Selon le récit de Julien Guillemot, fils de Pierre Guillemot, les républicains occupent les halles et les maisons environnantes[1],[5]. D'après le rapport du 2e chasseurs, la garnison est casernée et seule une garde de 20 hommes est distribuée dans différents postes[2]. Le corps de garde oppose une résistance, mais l'infanterie est « en partie surprise dans ses lits »[2].
Dans ses mémoires[Note 1], Julien Guillemot rapporte qu'au début du combat, un sous-officier mulâtre « se présente sur la place et porte un défi, à la baïonnette, au plus brave des Chouans »[1],[3],[4],[5]. Alors que, « comme par enchantement, le feu cesse et le silence règne », Mathurin Le Sergent « s'élance vers lui et, en moins de deux minutes, il l'étend à ses pieds, et crie « en avant » à son bataillon. Alors recommence le combat »[1],[3],[4],[5].
Les chouans arrivent ensuite face aux halles, qu'ils attaquent des deux côtés[1],[5]. Bientôt cernés, les républicains se rendent[1]. Les derniers combats s'achèvent dans le cimetière[3],[4], où le capitaine Perry tente de résister avec un tambour et quelques hommes[3].

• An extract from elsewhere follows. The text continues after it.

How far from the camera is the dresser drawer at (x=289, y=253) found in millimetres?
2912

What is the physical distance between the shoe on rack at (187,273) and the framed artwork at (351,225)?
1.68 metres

Selon Julien Guillemot, les chouans se sont rendus maîtres de la ville en une demi-heure[5]. D'après le récit du 2e chasseurs : « au bout de trois quarts d'heure, tout était fini à l'avantage des brigands »[2]. Seuls quelques hommes arrivent à fuir à travers champs en direction de Baud[1],[4],[3],[5]. Environ 150 chouans les poursuivent jusqu'aux landes de Clinchap, près de Plumelin[3].
Les hommes de Guillemot ne s'attardent pas à Locminé, qu'ils évacuent vers 2 heures de l'après-midi avec leurs prisonniers et les jeunes gens en état de porter les armes[3]. Ils se rendent alors à Guéhenno, où Cadoudal vient bientôt les rejoindre[3].